_WHAT TO WORK ON_: Your answer should be the exact lines of the data below from the one containing "thumbnail image 6" through the one containing "Vintage 1990s Jewel"; please include nothing else.

_PROVIDED ENTRIES_:

-----

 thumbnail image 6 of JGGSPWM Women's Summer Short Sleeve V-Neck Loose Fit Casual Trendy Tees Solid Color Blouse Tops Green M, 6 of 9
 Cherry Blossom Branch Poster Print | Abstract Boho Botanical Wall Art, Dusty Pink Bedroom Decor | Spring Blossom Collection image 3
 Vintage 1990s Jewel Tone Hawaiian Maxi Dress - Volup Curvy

-----

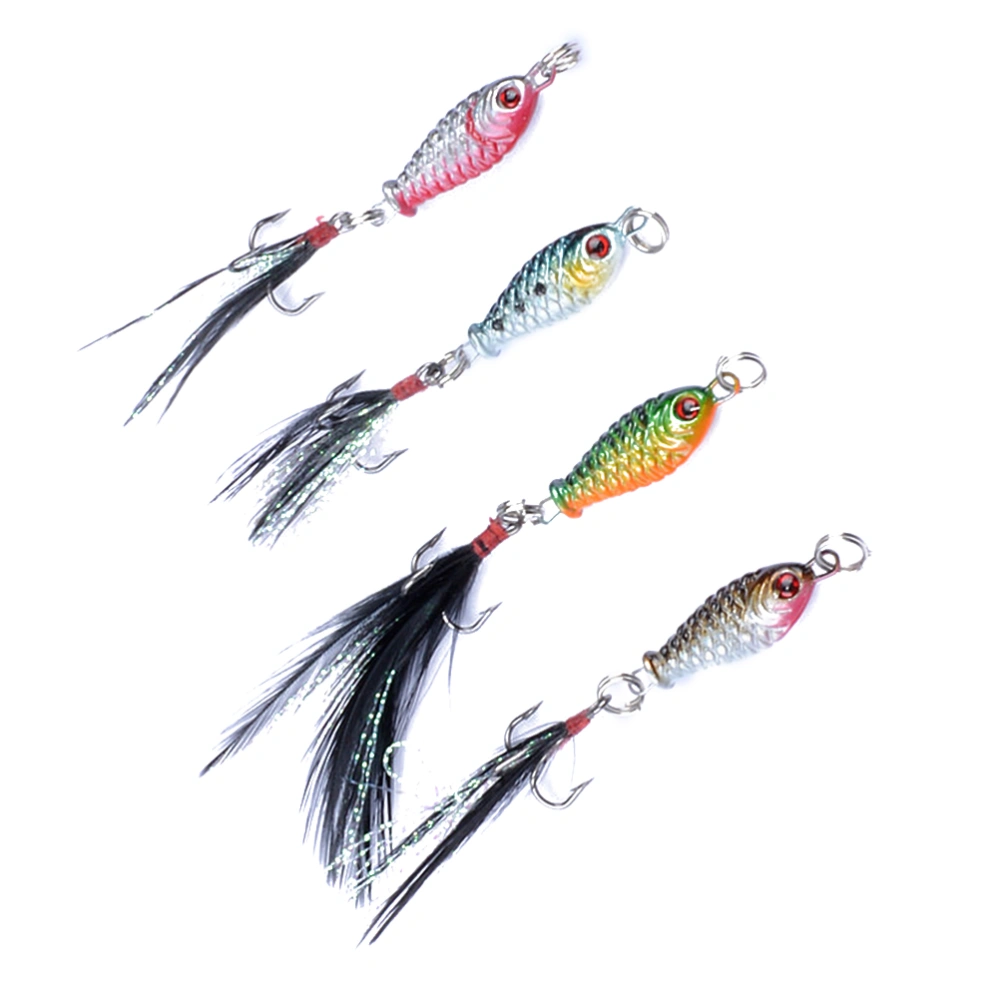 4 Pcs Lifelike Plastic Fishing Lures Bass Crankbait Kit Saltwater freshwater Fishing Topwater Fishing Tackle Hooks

-----

_ANSWER TO THE PROBLEM_:
 thumbnail image 6 of JGGSPWM Women's Summer Short Sleeve V-Neck Loose Fit Casual Trendy Tees Solid Color Blouse Tops Green M, 6 of 9
 Cherry Blossom Branch Poster Print | Abstract Boho Botanical Wall Art, Dusty Pink Bedroom Decor | Spring Blossom Collection image 3
 Vintage 1990s Jewel Tone Hawaiian Maxi Dress - Volup Curvy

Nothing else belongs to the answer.